The two doctors have just examined the President, who has been complaining of pains in his thigh. He has also had tests at Val-de-Grace hospital, visiting secretly in Dr Gubler's ageing Citroen and registering as Albert Blot - the name of the hospital director's brother-in-law.

"My duty is not to conceal the truth from you," says the surgeon. "You have cancer of the prostate which has spread into your bones, and this spreading is quite far advanced."

The President replies, under his breath: "I am done for."

"You can never say that you are finished," Prof Steg insists. "With Dr Gubler, I will do what can be done."

"Enough of that," comes the answer. "I am done for."

This grim little scene was laid before the French public last week by Dr Gubler in a book entitled The Big Secret. The book was immediately ordered to be withdrawn from sale, not because it was untrue - the vast majority of its claims have gone unchallenged - but because it was deemed to breach professional confidentiality and intrude into the privacy of a man and his family barely a week after his death.

Yet The Big Secret is also the extraordinary story of a Very Big Lie. During the election campaign of 1981 Mr Mitterrand undertook to publish regular bulletins on his own health. This was a proof of "transparency", in contrast to the days of Georges Pompidou, who died in office of cancer in 1974 after repeatedly denying he had anything worse than a cold.

Mr Mitterrand reacted to his illness, Dr Gubler says, by declaring it "a state secret". For 11 years the bulletins were published, but instead of starting "The President's prostate cancer...." they discussed minor ailments and concluded blithely that he was in good health.

It did not stop there.

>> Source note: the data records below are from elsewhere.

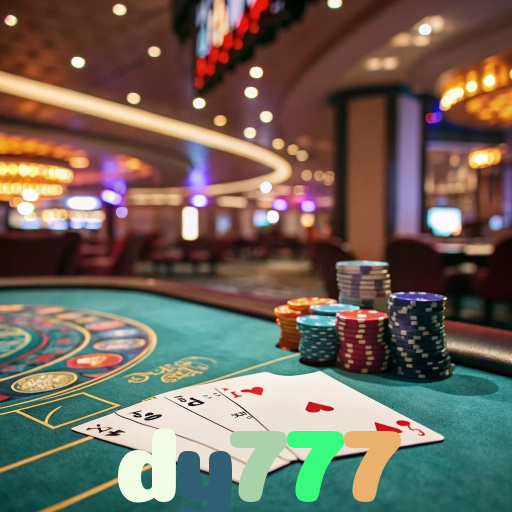dy777:Jogue poker, aposte no futebol e ganhe em grandes jogos de cassino!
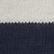 Classic Navy/Sailcloth Blocked Stripe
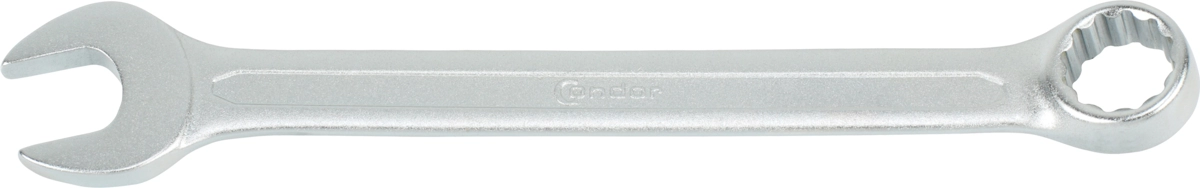 Gabel-Ringschlüssel, 16 mm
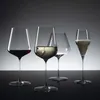 SPIEGELAU 1350169 DEFINITION Champagnerglas 2er Set Produktbild-Vorschau 18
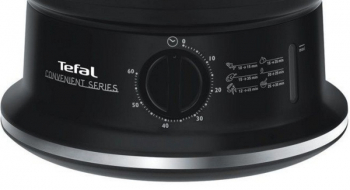 Food Steamer Tefal VC140131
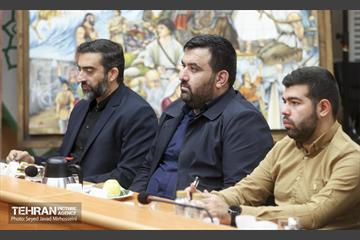 آرمان دانشجویی 8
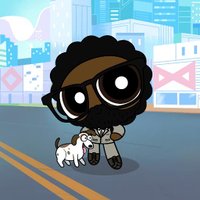 ElegidosdeNuffle (@tony1982sc2) 's Twitter Profile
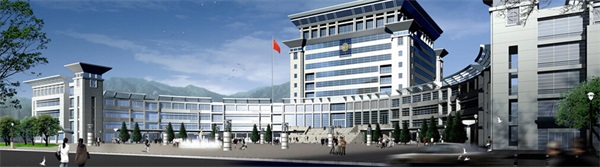 ɽ�|�����ތW(xu��)Ժ�����߿��࿿�V����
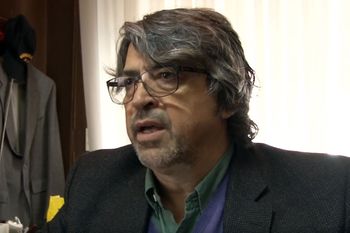 El juicio que tiene como imputado a Melazo finalizará a fines de octubre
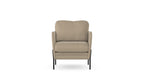 Fauteuil Bonnie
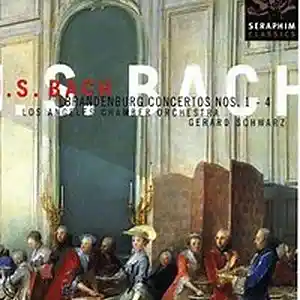 Picture for song 'conc brand 4' by artist 'Cecil Vittar'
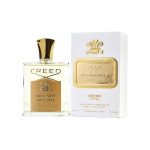 ادکلن امپریال میلسیم کرید Creed Imperial سرو ایران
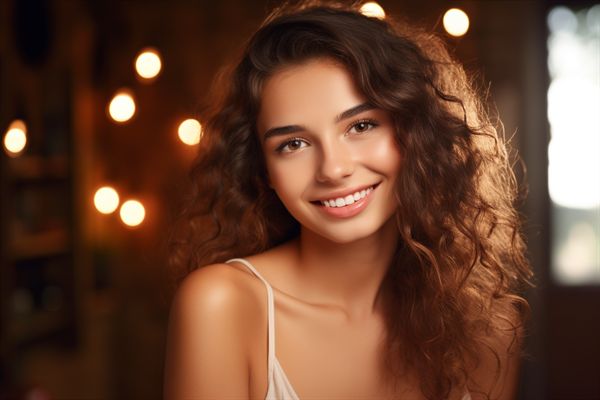 昆山微針美塑去黃褐斑醫(yī)院實力大排行，值得信賴！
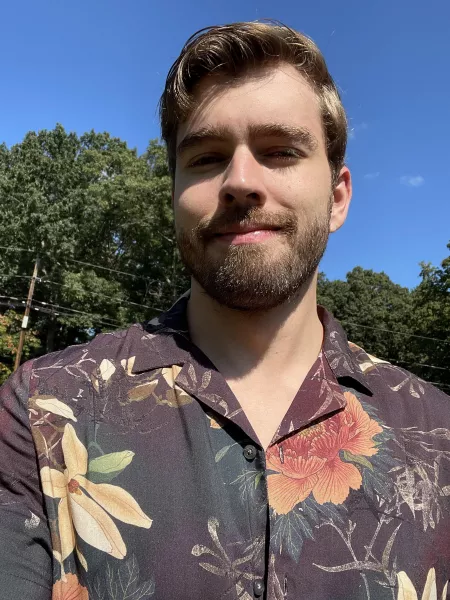 The work grind has left me feeling chronically tired as of recent. But Iβm really digging this September sunlight π happy hump day πͺ The work grind has left me feeling chronically tired as of recent. But Iβm really digging this September sunlight π happy hump day πͺ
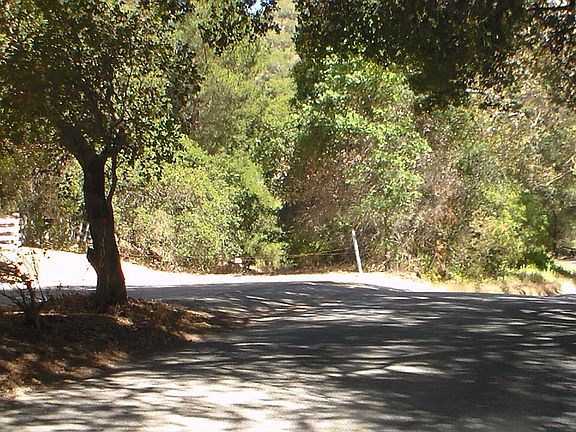 3rd image of 3406 San Juan Canyon Rd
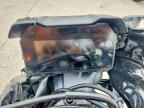 2025 Yamaha YZFR7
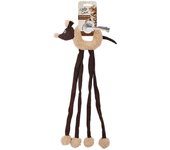 All For Paws Cuddle Dangle Juguete para gatos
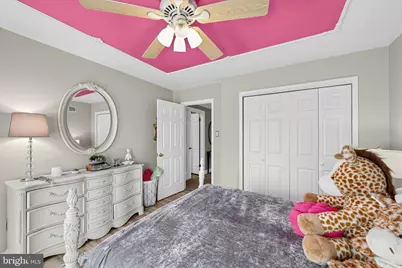 4144 Saddlebrook Road, Collegeville, PA 19426 - Photo 39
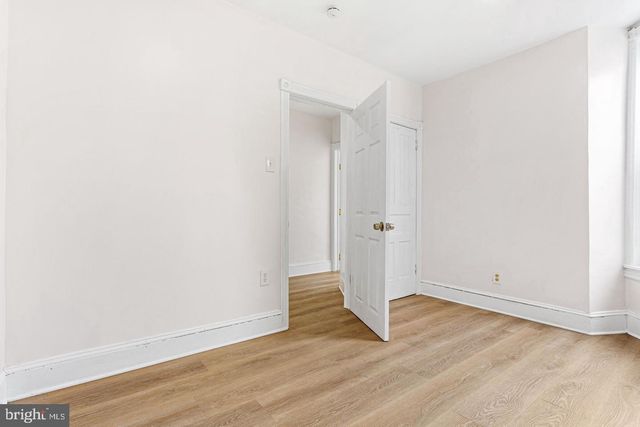 2042 S CECIL ST, Philadelphia, PA 19143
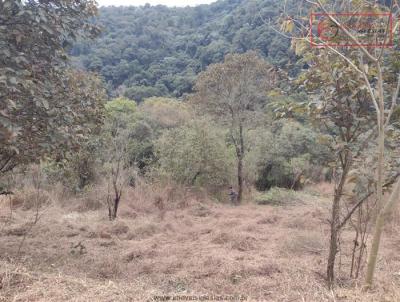 Terreno em Condomnio para Venda, em Mairipor, bairro Cerros Verdes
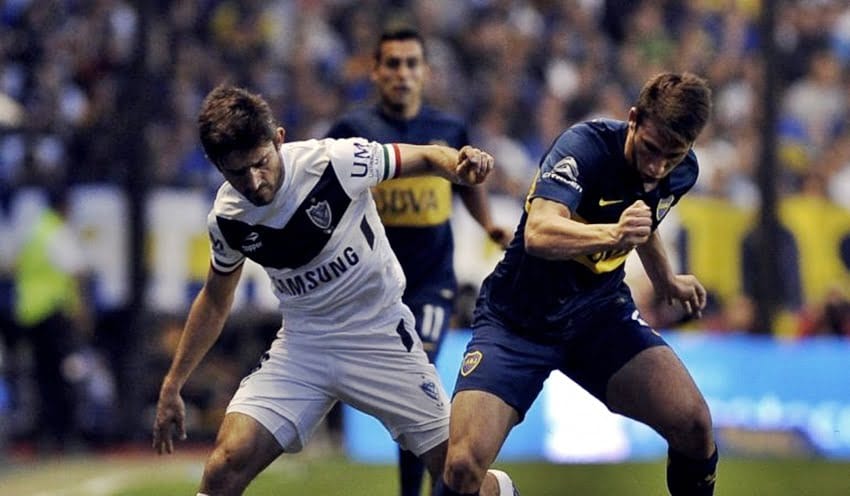 boca-velez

As Dr Gubler put it: "The reign of the generalised lie began." Mr Mitterrand needed daily medical treatment. Abroad, he got it secretly in the dead of night wherever he was staying. In communist eastern Europe the treatment was given in silence for fear of listening devices.

Every needle and bottle was locked in a special suitcase and taken home in diplomatic baggage for destruction.

The cancer responded to the treatment and Mr Mitterrand came to believe, according to Dr Gubler, that he had been cured.

Thus he did not consult the doctor before standing for the presidency again in 1988 nor, as far as Dr Gubler was aware, seek any other medical advice. A man of 71 with known prostate cancer, living on borrowed time, decided he was fit to lead France for seven more years.

He won his gamble and lived to finish his second term last year, the century's longest serving French president. But, as Liberation newspaper pointed out, the French people were also involved in the bet, only without knowing it.

By 1992 the cancer was advancing again. Two operations, chemotherapy and radiotherapy followed over two years.

By now there was no hiding the illness. Mr Mitterrand acknowledged on television that he had cancer but insisted he would be well enough to finish his term.

This, according to Dr Gubler, was the last lie. He claims, though others have vigorously denied it since, that for his last six months as President, Francois Mitterrand was incapable of discharging the functions of his office.

The book portrays a leader who spent all day in bed. "He arrived at the Elysee at 9.30am and went straight back to bed until lunchtime... He did not work because he was interested in nothing besides his illness."

During this time, Dr Gubler says, the then Prime Minister, Edouard Balladur, was happy to proceed as if nothing was amiss. "The absence of the President served his interests."